- [What you are asked to do]:
Reproduce, please, the line that holds "Selkirk LABS Boomstik" and all later lines through the end of the entries below, exactly; omit pictures.

- [Input]:
************
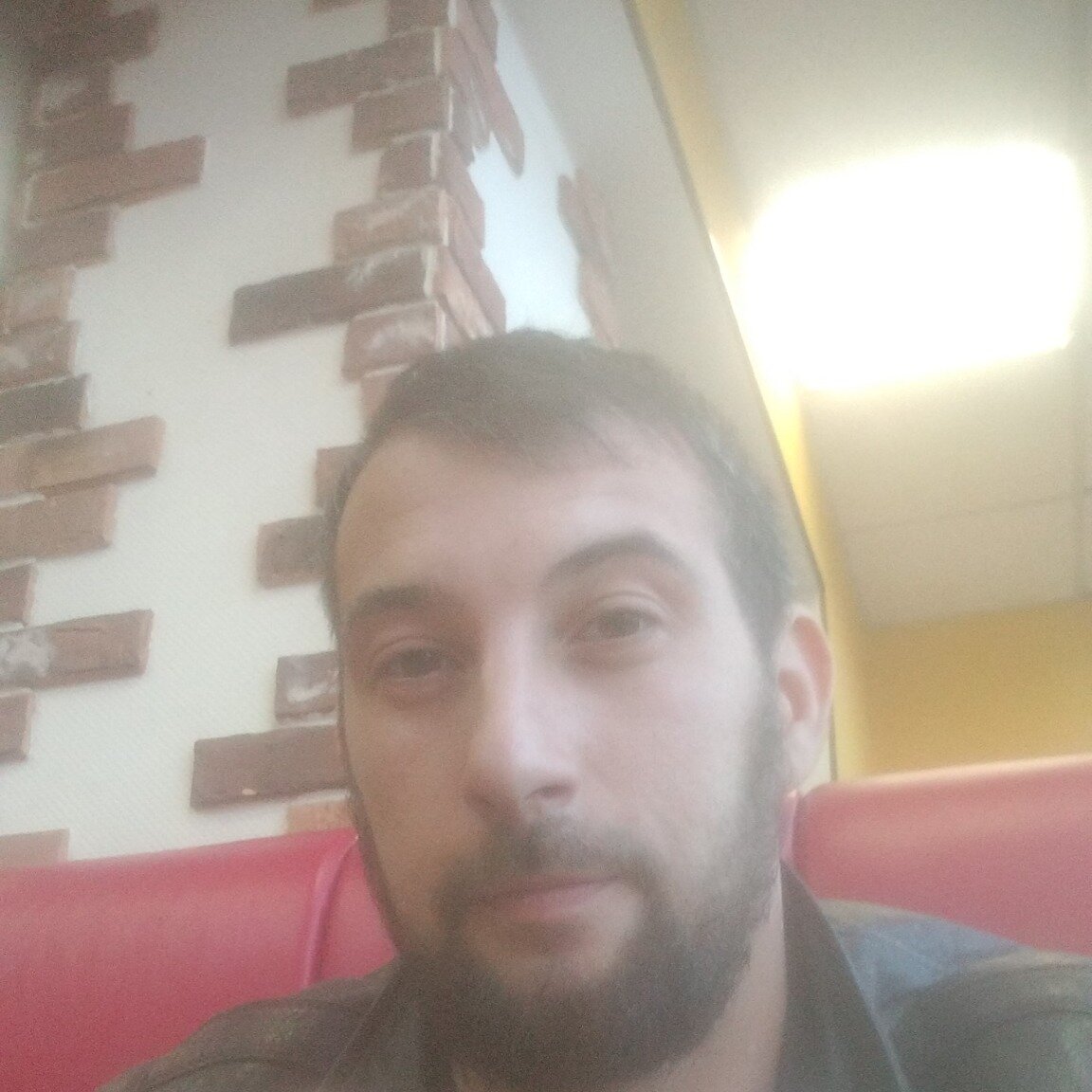 Павел Солдатченков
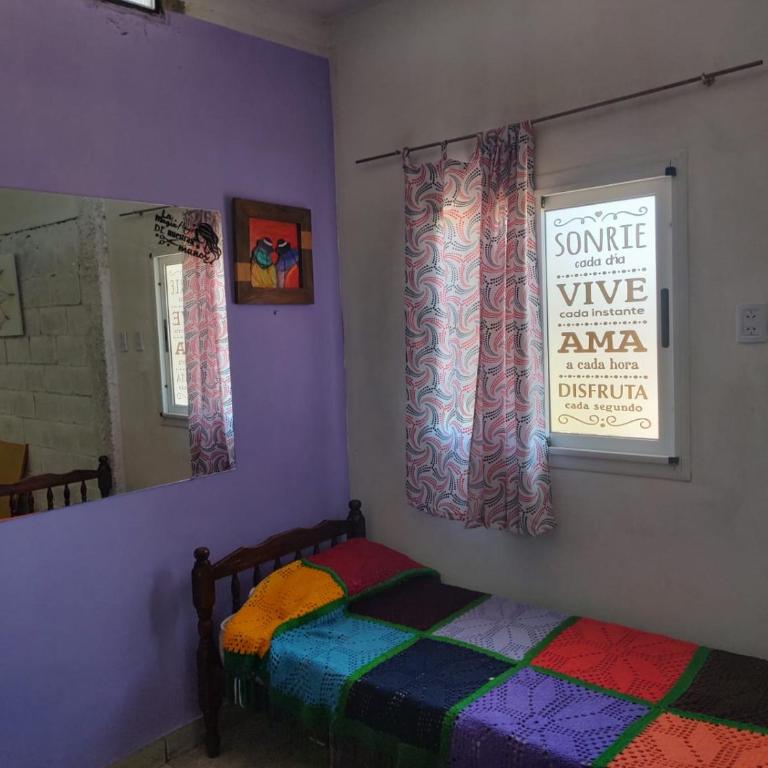 Rinconcito Don Antonio - Apartamento de 1 dormitorio - 9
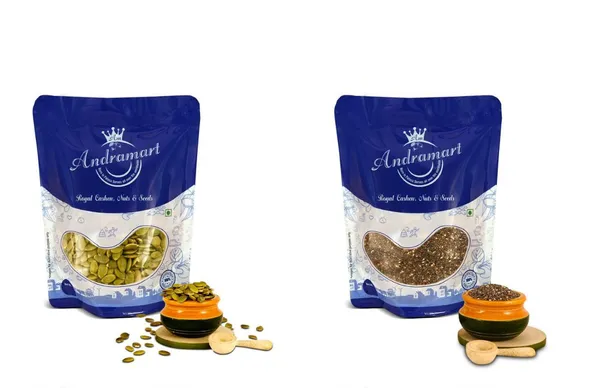 AndraMart_Raw_Pumpkin_and_Chia_mixed_combo_seeds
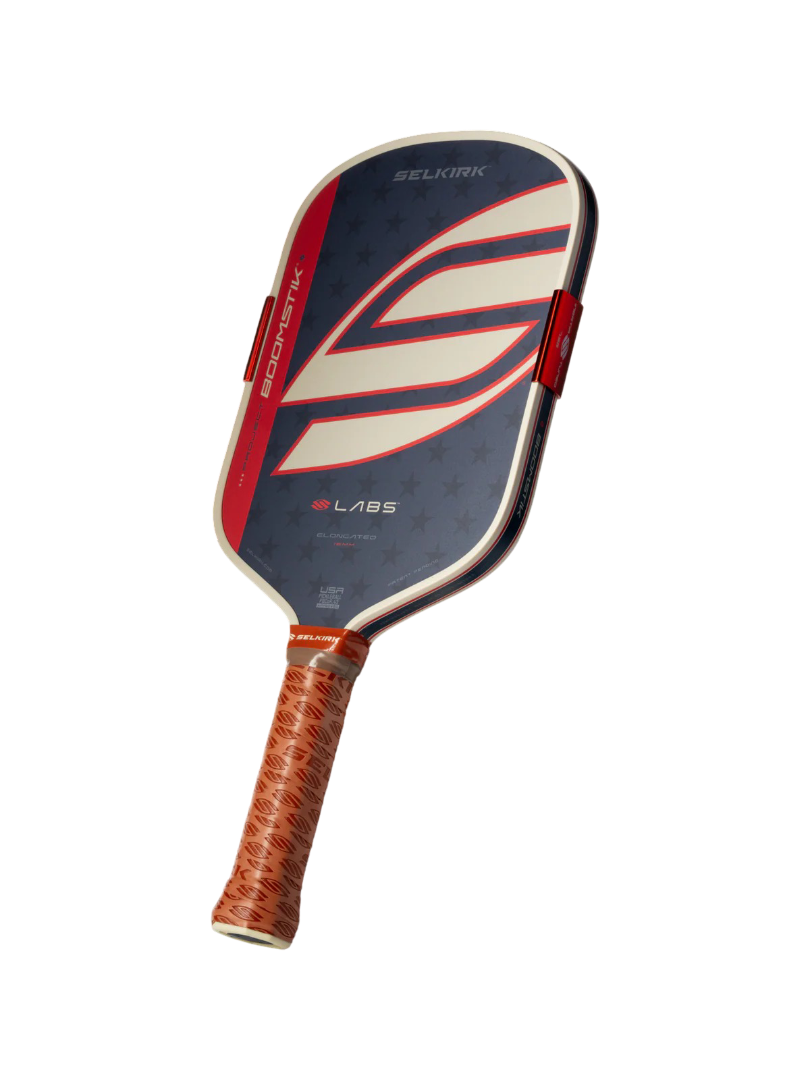 Selkirk LABS Boomstik 1776 Capsule - Asia Edition Pickleball Paddle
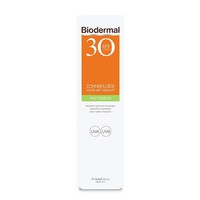 Biodermal Zonnefluid SPF30 (40ml)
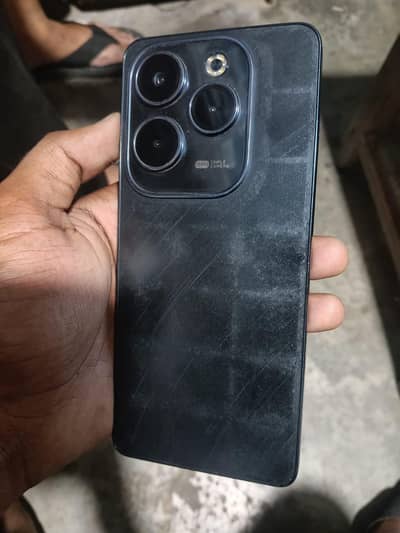 Infinix Hot 40 Pro 8/256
************
- [Response]:
 Selkirk LABS Boomstik 1776 Capsule - Asia Edition Pickleball Paddle
 Biodermal Zonnefluid SPF30 (40ml)
 Infinix Hot 40 Pro 8/256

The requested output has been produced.